## The task
Transcribe the data below verbatim from the line with "Michael Jackson" to the line with "Kia EV3 150 kW Earth — photo 14". Include both of those lines.

## Data
- - -
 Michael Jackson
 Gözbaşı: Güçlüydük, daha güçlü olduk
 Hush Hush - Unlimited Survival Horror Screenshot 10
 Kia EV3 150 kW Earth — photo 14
- - -
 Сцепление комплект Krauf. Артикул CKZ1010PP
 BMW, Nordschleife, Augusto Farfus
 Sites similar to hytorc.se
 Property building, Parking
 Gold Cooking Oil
- - -
## The answer
 Michael Jackson
 Gözbaşı: Güçlüydük, daha güçlü olduk
 Hush Hush - Unlimited Survival Horror Screenshot 10
 Kia EV3 150 kW Earth — photo 14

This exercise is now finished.